The most common refrain I hear is that the sample sizes used to judge a fielder's performance in a given year are simply too small to ascribe much real weight to these numbers. Nevertheless, a good (or bad) defensive season can mean a gigantic swing in wins above replacement. While the WAR metrics aren't used as catch-alls by everybody, when a player has a dramatic swing in perceived defensive value, it can show up in plenty of articles and analyses about how much value a player is worth, and how useful their performance has been / can be.
Perhaps what we need to do is *deep breath* rely less on the UZR / DRS / TZ / FRAA numbers, and more on a scouting perspective.
Re: An alternative method for determining defensive WAR
The one thing I've never understood is why the variance in WAR from year to year is almost always treated as evidence that it is unreliable as a measure of performance for that year.
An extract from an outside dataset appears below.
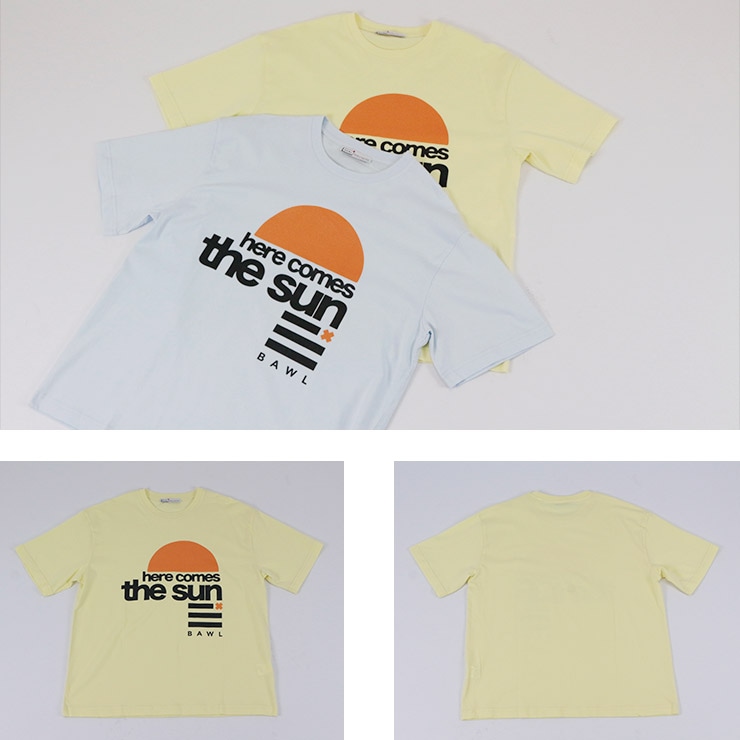 BAWL,�ܥ���,T�����,Ⱦµ,�ȥåץ�,����,��ǥ�����,������������,�ե��åȥͥ�,����,���ݡ���,����,�襬������,�����ꥢ,ľ͢��,��˥��å���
Sure, the small sample issue means it is not a good measure of talent. But talent and performance are not synonymous. If we looked at offensive stats after 200 PA, we'd see many more odd peaks and valleys. But we wouldn't say they're an unreliable measure of offensive production over those 200 PA.
Now, I realize a big part of the issue with Barney is the difference between UZR and DRS -- I'm very curious about that too. But how prevalent are those types of gaps. I decided to check it out:
A total of 123 players had the number of innings to "qualify" per Fangraphs. The distribution of the variance between UZR and DRS looks like this:
(UZR higher than DRS)
+10 and up: 6
+5 to 10: 12
+2 to +5: 24
-2 to +2: 34
-2 to -5: 22
-5 to -10: 18
-10 and down: 7
I find that interesting -- it's a pretty normal distribution. That suggests that whatever the difference is, it cuts equally both ways. I also looked by position and it doesn't seem to be biased towards or against a certain position. The R-squared between the two for that population is 0.69, a fairly strong positive, but nothing like you'd hope for given that they're supposed to be measuring the same thing.
Looks like there's definitely a reason to be skeptical about the numbers -- but I'd rather get an actual explanation looking at how they coded/valued things differently and choose the approach that seems more correct than simply average them.